Remembering the tub, it rushed back across to the tub room and shut off the water. The thermometer read a little above Master's favorite temperature. Secundus turned to the wall and set the timer for the steam, then walked down the hallway runner to the kitchen.

By the time Secundus had arrived back in the tub room, Master had already climbed into the tub. "Master!" it exclaimed in worry, "The doctor said you should have help. You did not even bring your cane." It set the cup of coffee and saucer down on the small, tub-side table and scurried back into the bedroom to fetch the cane; to hook it on the edge of the tub. "You have not yet healed from your tumble on the slopes."

Seeing Master take up his coffee, Secundus stepped closer to the steam vents to warm. The hot steam condensed on its cool body; transferring heat directly into its skin. Secundus reveled in the warmth as it watched Master take his first sip and smile at the taste. Secundus quietly purred in satisfaction at having pleased the one it serves, once again.

"Babe, come in here with me," commanded Master. He used that name only when they were alone; the only time that he allowed any intimacy between them.

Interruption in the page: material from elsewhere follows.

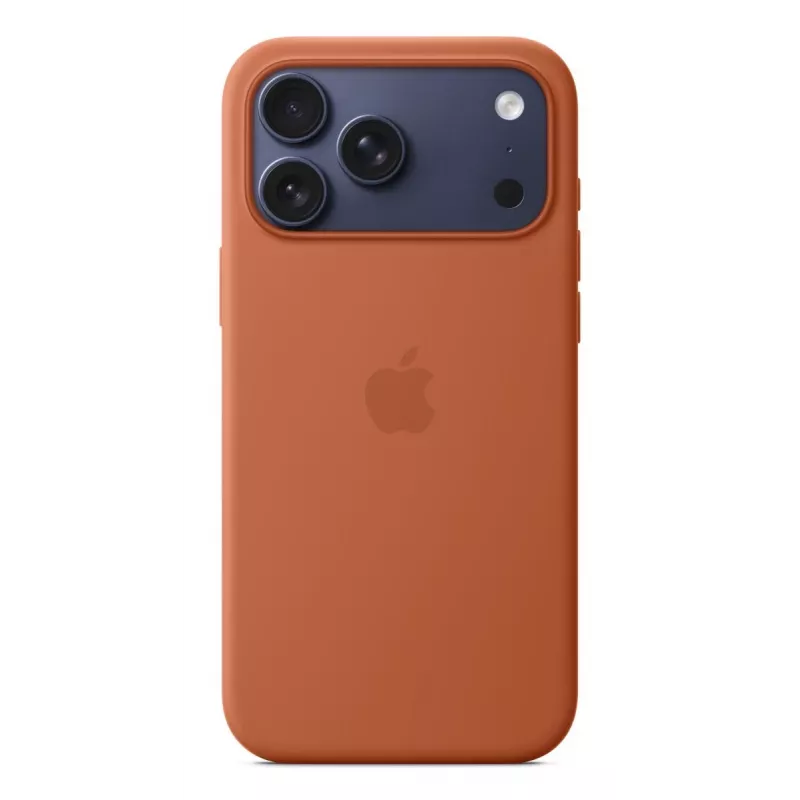 APPLE iPhone 17 Pro Max – Silikonhülle mit MagSafe – Terrakotta
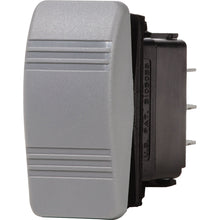 Blue Sea Systems 8222 Water Resistant Contura III Switch - (ON)-OFF-(ON) - Grey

Secundus climbed into the tub and rested its wet belly against Master's. Its head lay on the man's chest. It purred again as the man stroked its back. When the hand reached further down, across Master's Mark; Secundus' tail gently twitched back and forth a few times in the warm water, then relaxed completely as the stroking continued.

"Babe, have you been happy here, with me?"

"For each day of these last forty years, Master. It feels only like twenty to me."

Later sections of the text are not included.